Genova piazza Bianchi

In cerca di brividi? Allora seguiteci in questa nuova escursione in terra ligure. Siamo sulle tracce della Strega Cattarina, tra magia e superstizione nella Rapallo del 1630.

Il Tribunale dell’Inquisizione era il luogo dove si svolgevano i numerosissimi processi per stregoneria, i quali si concludevano solitamente con un rogo in piazza Bianchi a Genova.

La triste storia di Cattarina

Questa è la triste sorte alla quale andò incontro una donna del tempo, probabilmente di origini corse, la quale venne messa al rogo per i suoi presunti reati di stregoneria . Nonostante si sappia pochissimo sul suo conto, la donna è conosciuta come la Cagna Corsa.

Secondo un’antica lettera scritta dall’allora capitano di Rapallo al Senato di Genova, si apprende che la donna era solita fare l’elemosina e che, con i suoi sortilegi, avrebbe causato la morte di due bambini i cui genitori si erano rifiutati di darle dei soldi.

Ecco uno stralcio della lettera che avrebbe decretato il destino della Strega Cattarina

Hieri mi capitò alla porta una povera donna, che va di continuo cercando limosina e mi fu detto che essa è una strega……….. e ho trovato due che mi hanno detto che le sono stati guasti ad ognuno di loro due figliuoli, e che tengono per sicuro che sia stata questa, onde mi parve bene di farla porre in carcere, acciò ve paresse di farlo penetrare al P. Inquisitore, se no ordinarmi quello che dovrò fare“.

La povera donna tentò di fuggire ma venne catturata e trasferita a Genova di fronte al Tribunale, dove ricevette la condanna al rogo.

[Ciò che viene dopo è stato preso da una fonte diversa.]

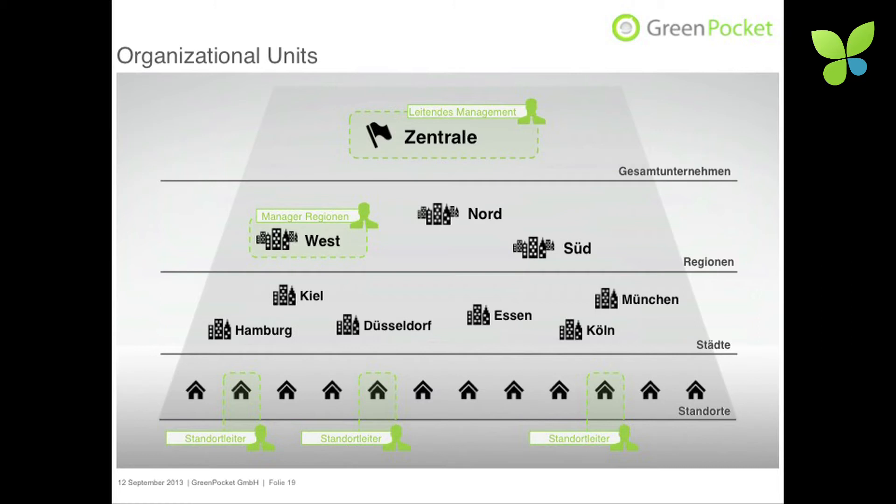Individual viewing rights are very important. If you have more than 100 different branches, you will not want to let anybody see all of the results. A regional manager might see all branches in the western district, while a local branch manager can only see certain objects relevant to their location.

Si sono viste le informazioni da voi prese contro la Cattarina, detta la Cagna corsa, inviateci con la vostra del 12. Vi diciamo che restando il suo delitto soggetto allo Statuto criminale Cap. 10 sotto la Rubrica De Veneficiis, tirate innanzi questa causa terminandola con giustizia“.

L’esecuzione di Cattarina avvenne nel settembre del 1630 in piazza Bianchi. In un punto particolare della piazza, sembra che si possa trovare una mattonella che anche in inverno emana calore come se si fosse appena spento un fuoco.

La leggenda racconta che lo spirito della Strega Cattarina non abbia mai lasciato piazza Bianchi e che, di notte, si possano ancora sentire i suoi lamenti. Ultimamente c’è chi sostiene che si siano manifestati diversi spiriti nella zona di San Pietro di Novella e che queste apparizioni siano correlate con il della Strega Cattarina, la quale vagherebbe ancora in cerca di vittime per i suoi riti malefici.